If you have multiple checks to apply, it is best practice to curate these rules in a separate python module and have a single policy / task mutation hook that performs multiple of these custom checks and aggregates the various error messages so that a single AirflowClusterPolicyViolation can be reported in the UI (and import errors table in the database).
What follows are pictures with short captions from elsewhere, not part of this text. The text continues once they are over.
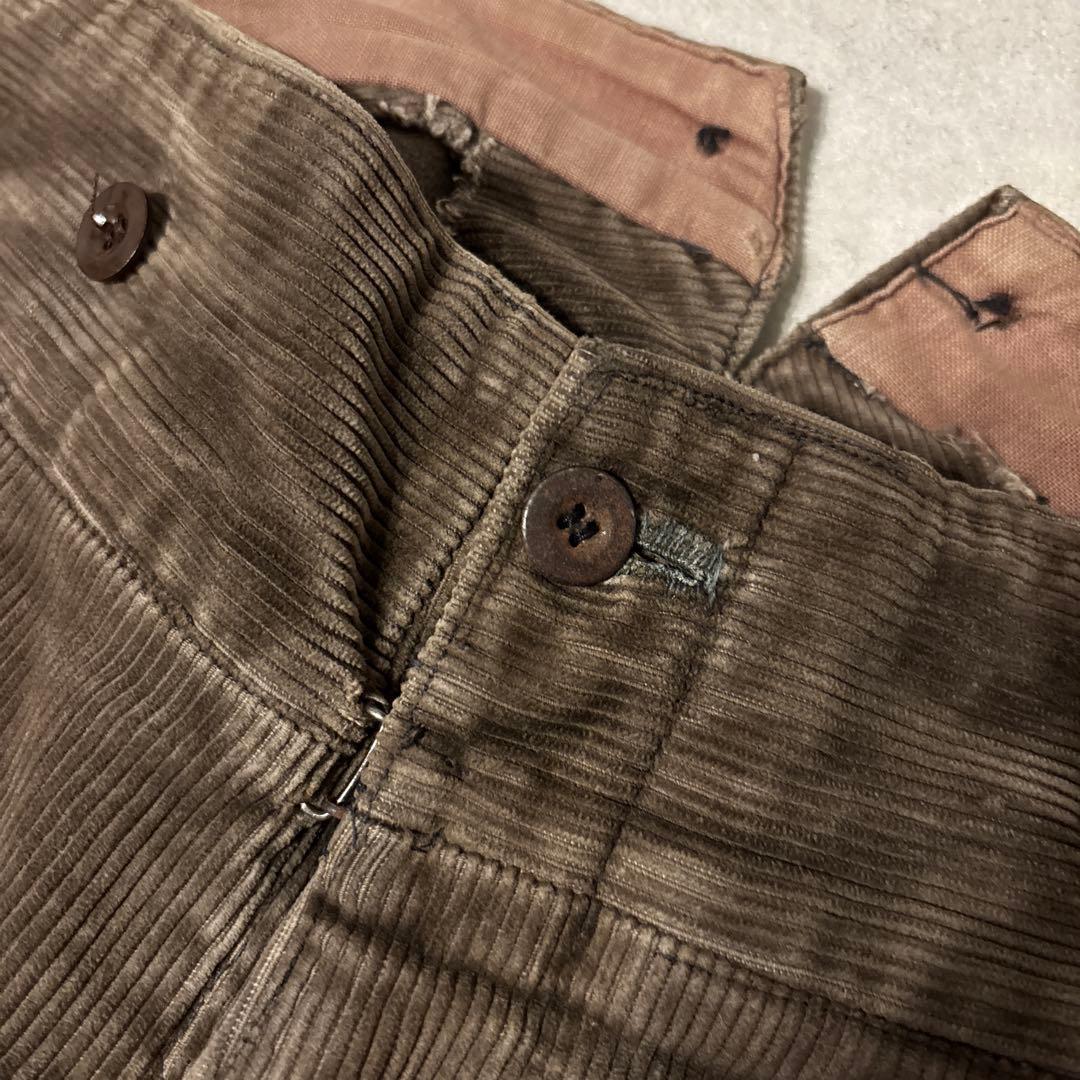 30s 40s vintage フレンチコーデュロイパンツ 太畝 針シンチバック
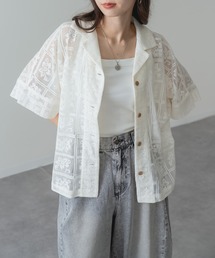 【refinedworks】旬の シアー 格子 レース 半袖 シャツ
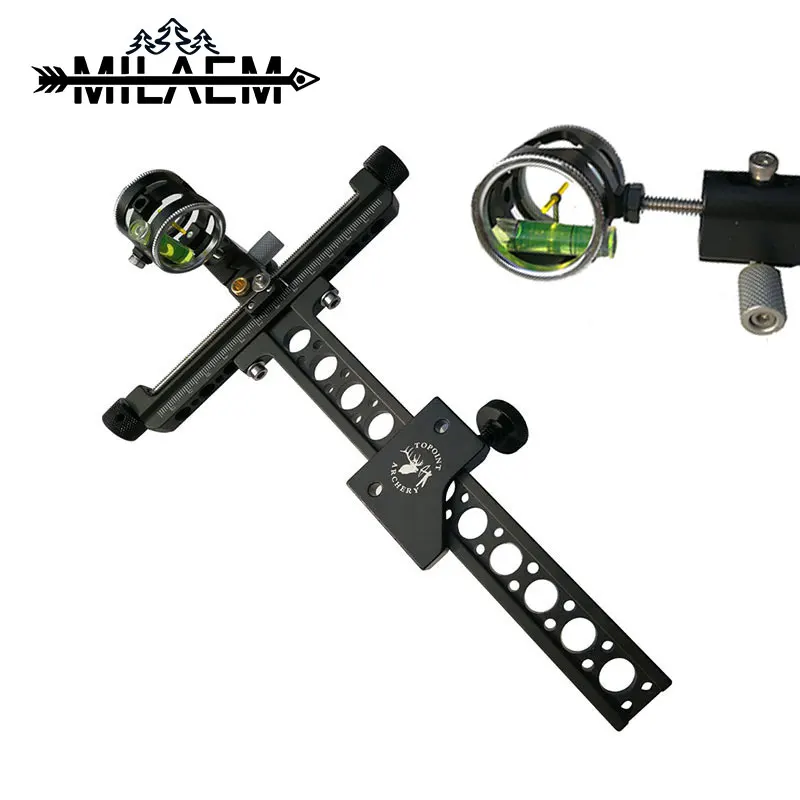 

1 Set Archery Bow Sight 1 Pin 0.059"4x Lens Micro Adjust Long Pole Compound Bow Shooting Accessories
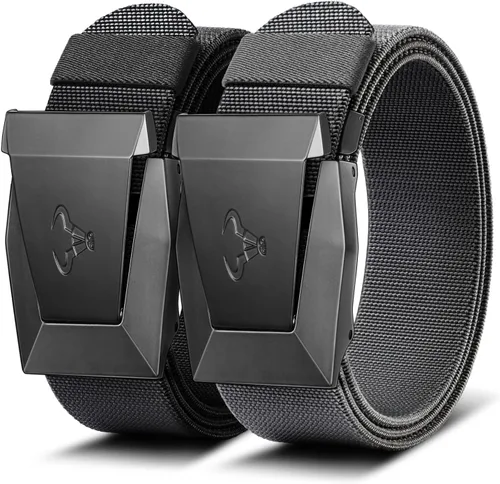 Miniatura 9 de BULLIANT Cinturón para hombre, paquete de 2, cinturón elástico táctico ajustable para aparejador militar, trabajo resistente, 1.5 pulgadas, corte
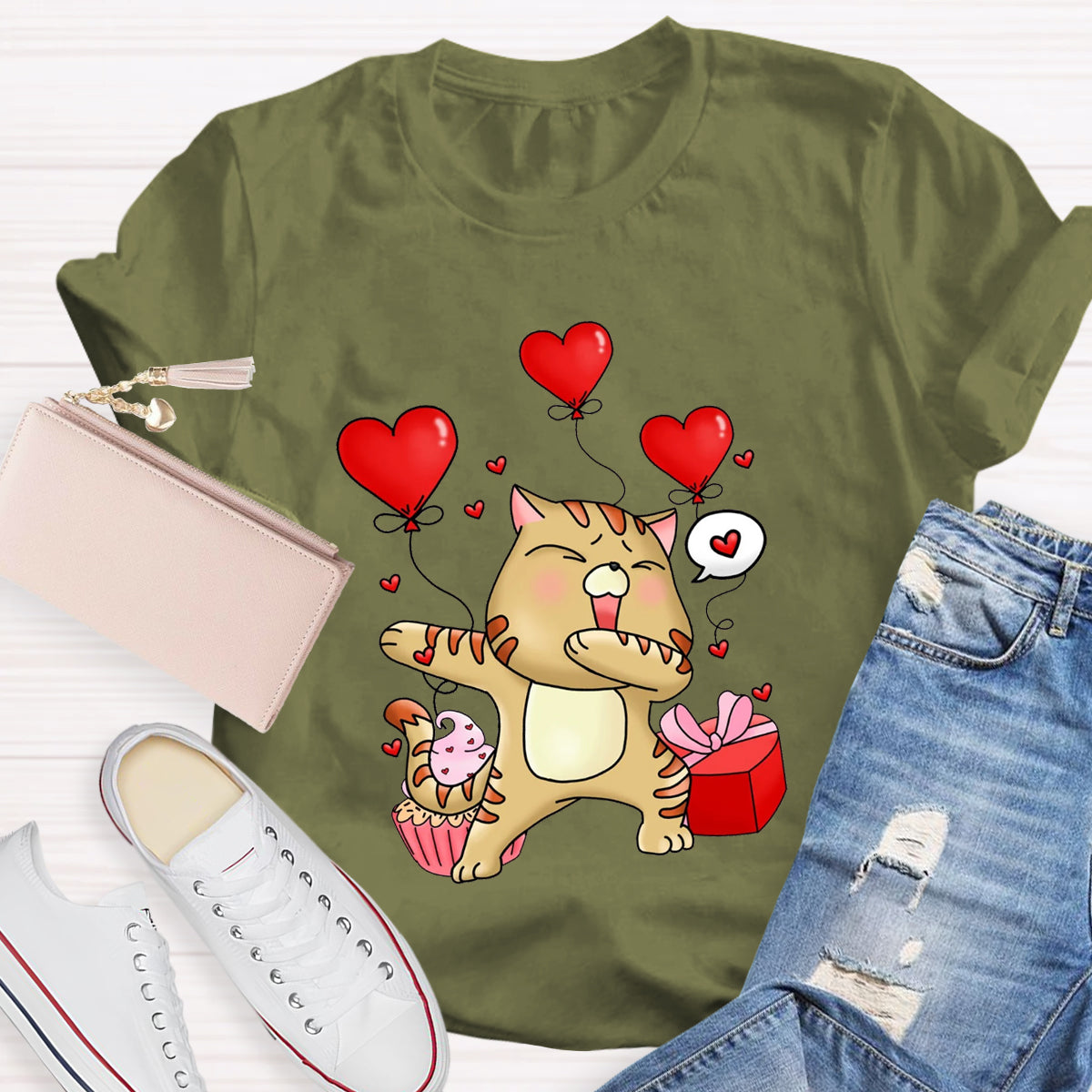 Valentine's Day Cartoon Cat T-Shirt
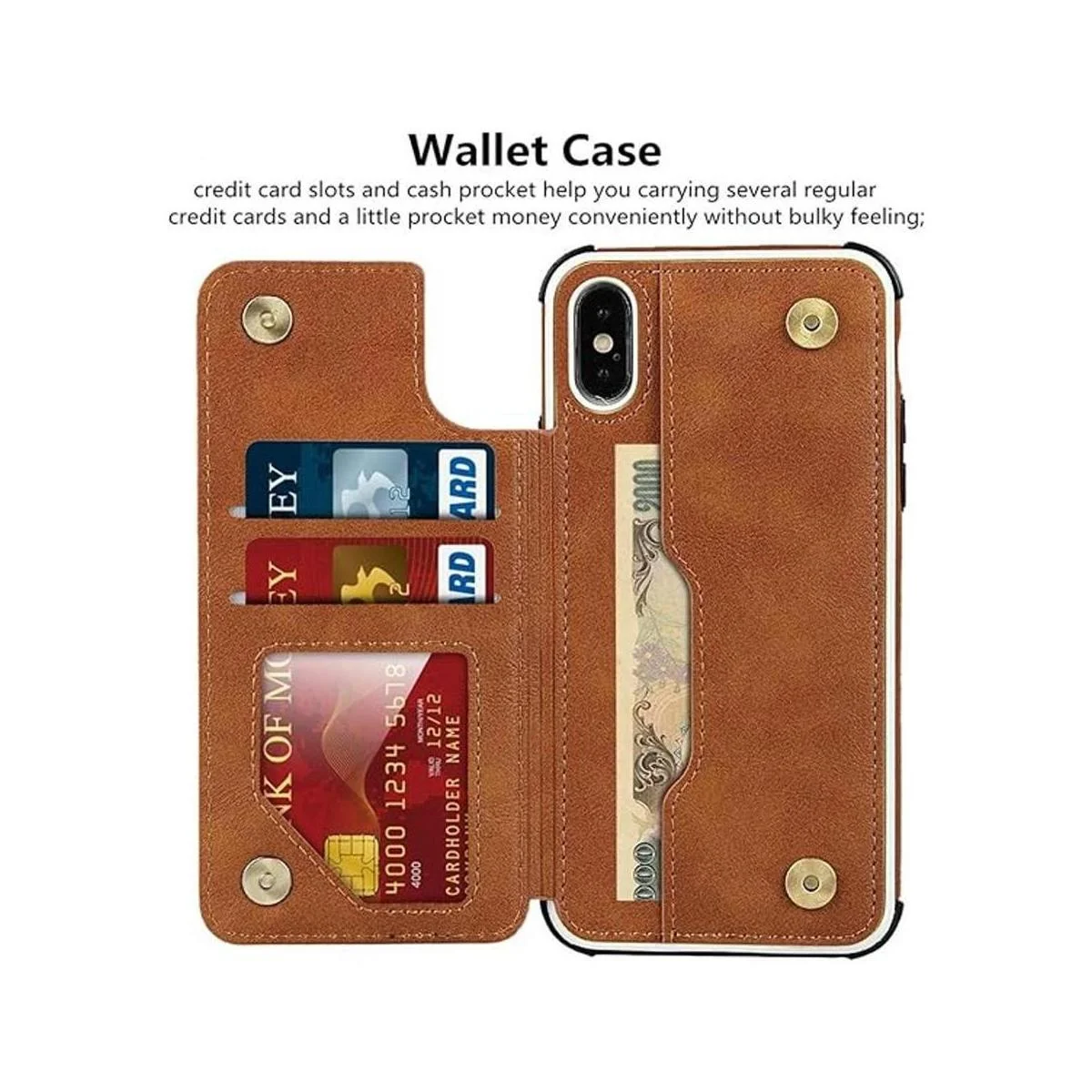 iCoverCase Funda tipo cartera para iPhone XS funda para_3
For example, your airflow_local_settings.py might follow this pattern:

TASK_RULES: list[Callable[[BaseOperator], None]] = [
    task_must_have_owners,
]


def _check_task_rules(current_task: BaseOperator):
    """Check task rules for given task."""
    notices = []
    for rule in TASK_RULES:
        try:
            rule(current_task)
        except AirflowClusterPolicyViolation as ex:
            notices.append(str(ex))
    if notices:
        notices_list = " * " + "\n * ".join(notices)
        raise AirflowClusterPolicyViolation(
            f"DAG policy violation (DAG ID: {current_task.dag_id}, Path: {current_task.dag.fileloc}):\n"
            f"Notices:\n"
            f"{notices_list}"
        )


def example_task_policy(task: BaseOperator):
    """Ensure Tasks have non-default owners."""
    _check_task_rules(task)


See Configuring local settings for details on how to configure local settings.

Task instance mutation

Here’s an example of re-routing tasks that are on their second (or greater) retry to a different queue:

def task_instance_mutation_hook(task_instance: TaskInstance):
    if task_instance.try_number >= 1:
        task_instance.queue = "retry_queue"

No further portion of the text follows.